Abstract for the talk on 01.12.2022 (17:00 h)Math Machine Learning seminar MPI MIS + UCLA
Levon Nurbekyan (UCLA)
Efficient natural gradient method for large-scale optimization problems
See the video of this talk.
Large-scale optimization is at the forefront of modern data science, scientific computing, and applied mathematics with areas of interest, including high-dimensional PDE, inverse problems, machine learning, etc. First-order methods are workhorses for large-scale optimization due to modest computational cost and simplicity of implementation. Nevertheless, these methods are often agnostic to the structural properties of the problem under consideration and suffer from slow convergence, being trapped in bad local minima, etc. Natural gradient descent is an acceleration technique in optimization that takes advantage of the problem’s geometric structure and preconditions the objective function’s gradient by a suitable "natural" metric.

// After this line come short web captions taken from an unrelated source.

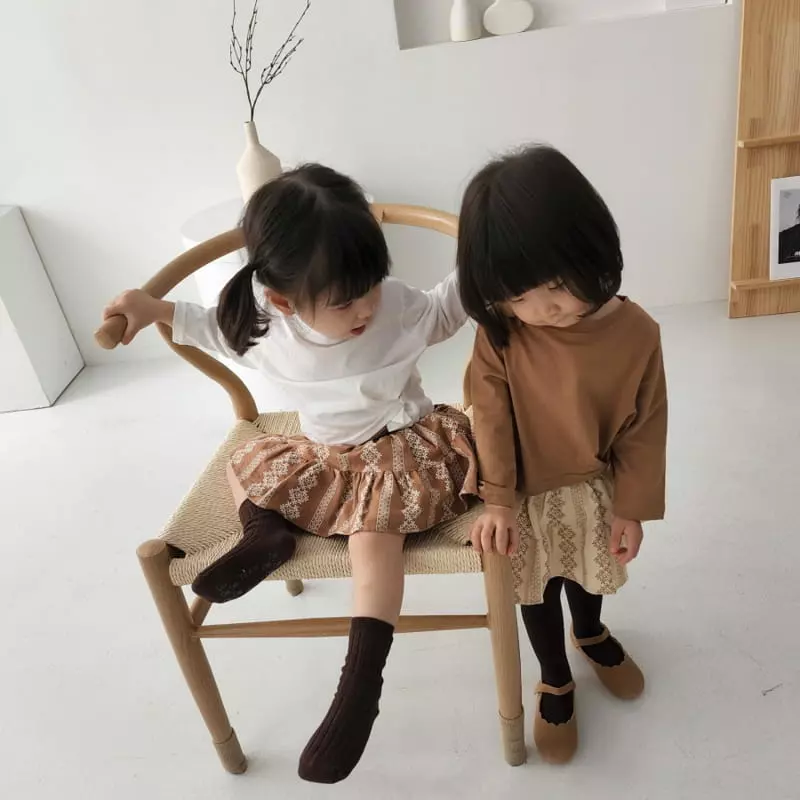 Color - Korean Children Fashion - #childofig - Bijou Skrit - 2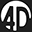 4D Optical Icon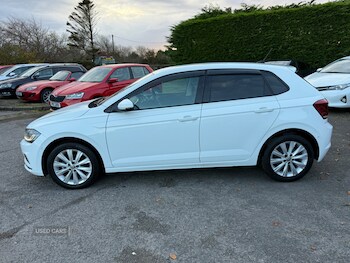 Used Volkswagen Polo 2018 for sale - 76399864: Photo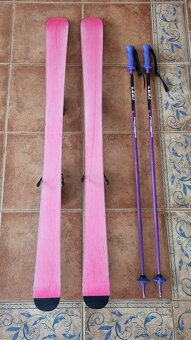 Lyžařský set pro děti - 3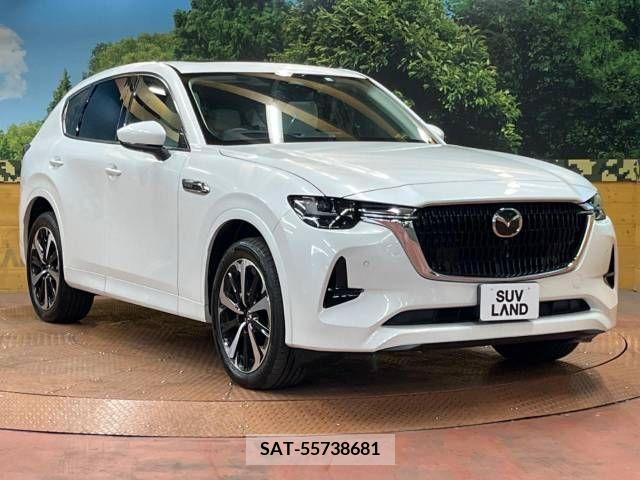 Mazda CX-60 2022-10 337387-16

Hence parameter update directions correspond to the steepest descent on a corresponding "natural" manifold instead of the Euclidean parameter space rendering a parametrization invariant descent direction on that manifold. Despite its success in statistical inference and machine learning, the natural gradient descent method is far from a mainstream computational technique due to the computational complexity of calculating and inverting the preconditioning matrix. This work aims at a unified computational framework and streamlining the computation of a general natural gradient flow via the systematic application of efficient tools from numerical linear algebra. We obtain efficient and robust numerical methods for natural gradient flows without directly calculating, storing, or inverting the dense preconditioning matrix. We treat Euclidean, Wasserstein, Sobolev, and Fisher–Rao natural gradients in a single framework for a general loss function.